Tradition runs deep in the furrowed field rows and undulating pastures of northern Baltimore County. It survives, year after year, through a natural, native connection with the land – still strong even in these modern times. And it thrives, generation after generation, among the established families and farms tucked along the winding roads around Hereford and Sparks and Belfast and Butler.

So with tradition still a thick thread woven into life in the north county, the retirement of Denise Butcher becomes a Big Thing. Her tenure at Hereford High School may not total the most years of a BCPS retiree this year; even a teacher retiring from Hereford High this month has more years under her belt.

But Butcher has spent all of her 35 years at one place – the front office at Hereford High.

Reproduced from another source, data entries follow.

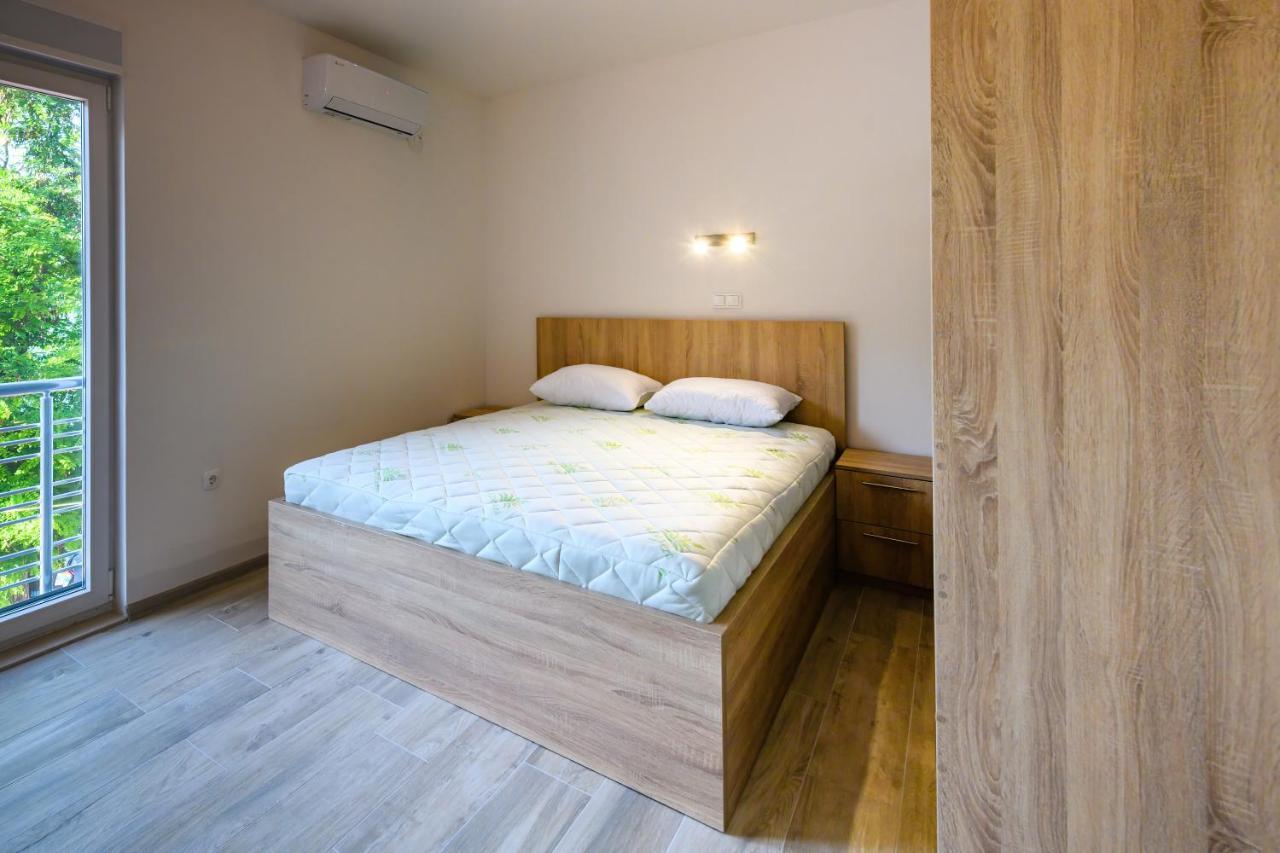 Lakeside Luxury Apartments Jablanica Buitenkant foto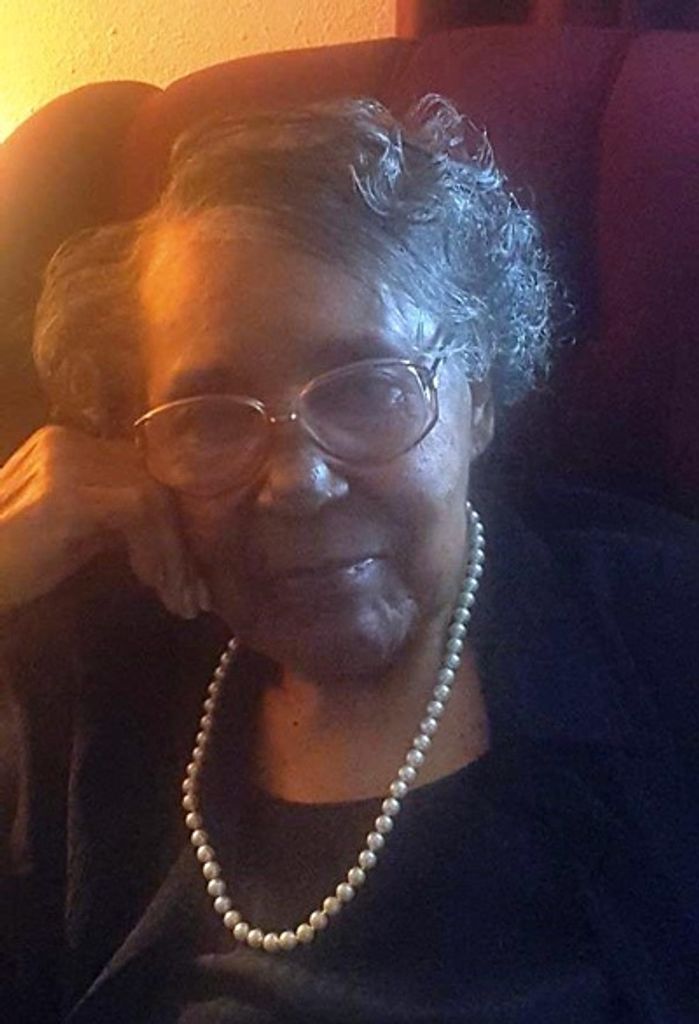 Mrs. Hester W. Strong Profile Photo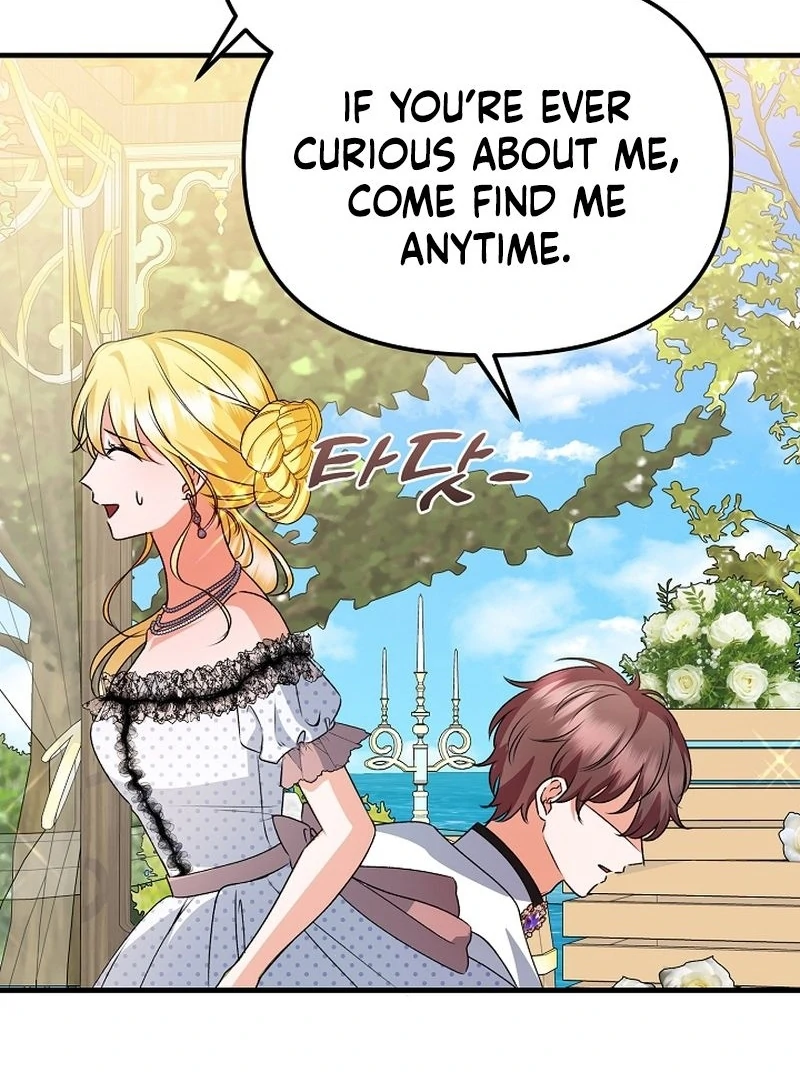 I Became the Cure for the Tyrant in the Waste Novel Chapter 25 - Page 89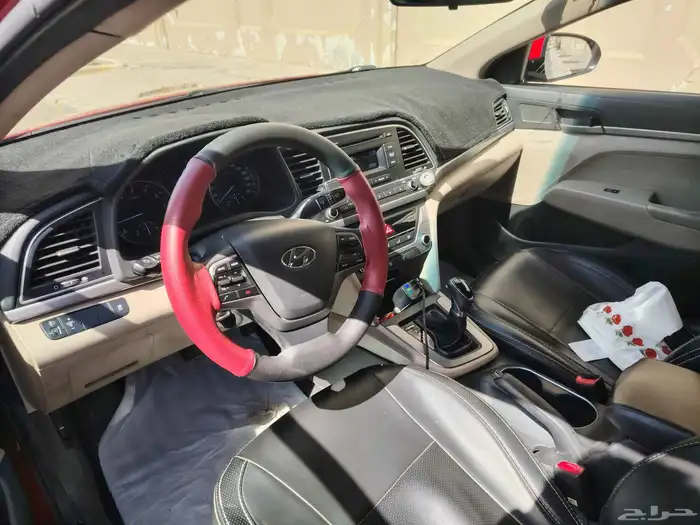 النترا 2017 18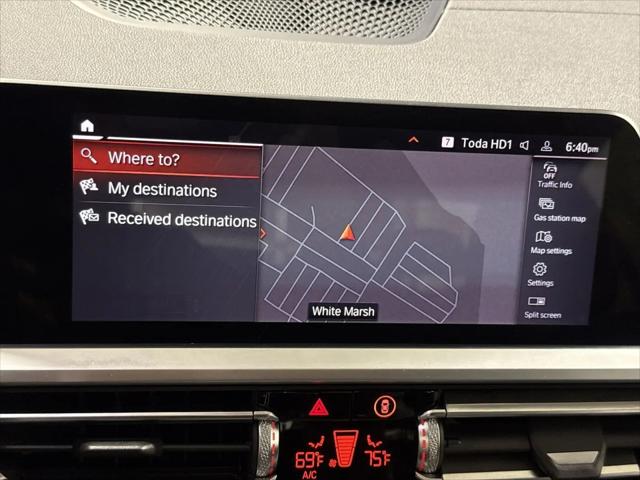 2020 BMW M340i M340i xDrive Sedan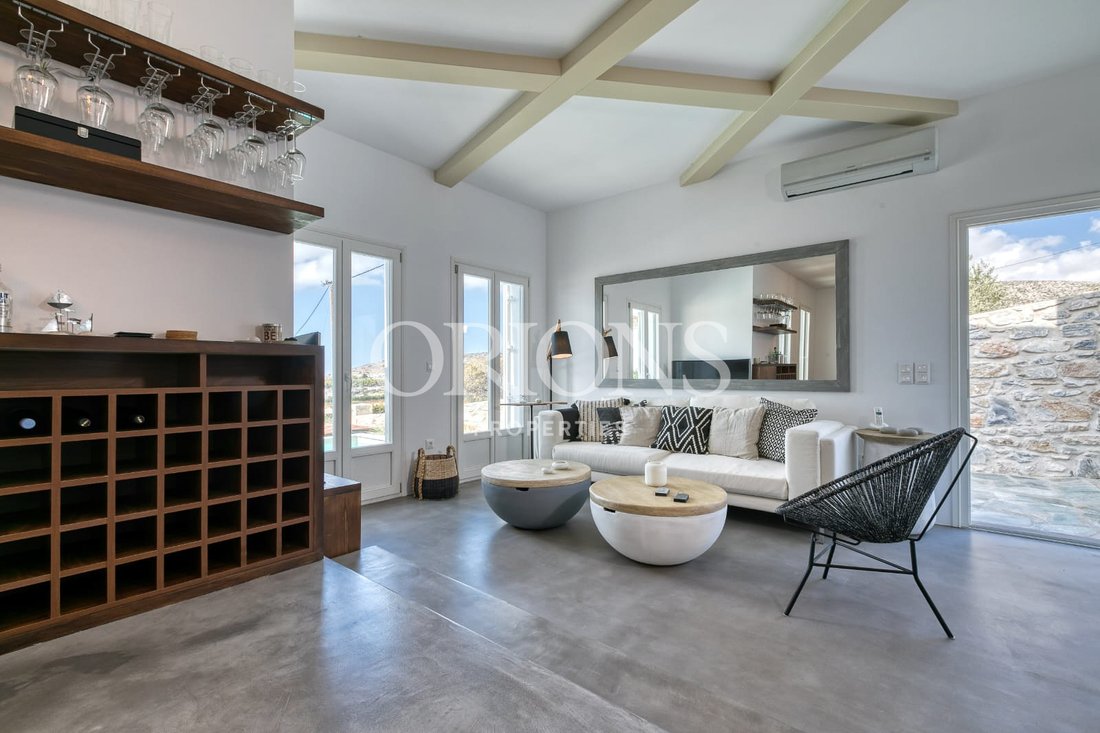 House in Paros, Aegean, Greece 5 - 14469857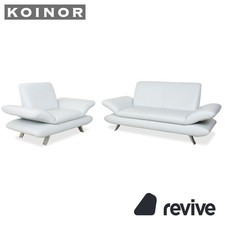 Koinor Rossini Zweisitzer Sofa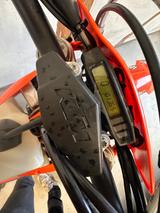 KTM EXC 250 2 Takt  - KTM 250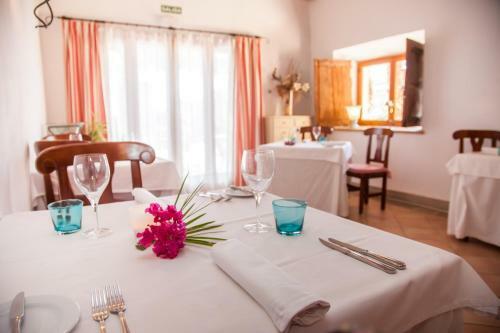 Agroturismo Boutique Hotel Sa Galera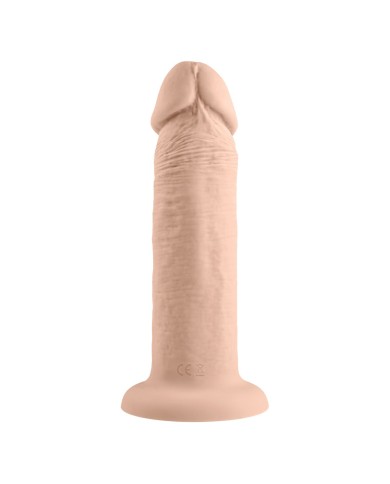 Dildo Realistico Evolved Silicone Ø 4,8 cm (15,2 cm)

Before that, she was a graduate from Hereford Junior-Senior High School, the same school her parents graduated from in 1956. And before that, her mother, Norma Jean Kearney, spent 35 years doing the same job in the front office at another school, Prettyboy Elementary School (when it was known as Sixth District Elementary School).

To extend the point a bit further, Butcher’s cousin, Kim Lovo, is also retiring this year from doing the same job as Butcher. For the past 33 years. At Hereford Middle School.


It’s no surprise, then, that Butcher considers herself Hereford through and through. “There have been a lot of memorable moments, though not all of them have been good,” she says on a recent weekday that is uncharacteristically quiet; summer break had begun for students a few days earlier. She recalls a time when two alumni died while serving in the military in the Middle East, or 9/11, when anxious parents clogged the roads to school to collect their children.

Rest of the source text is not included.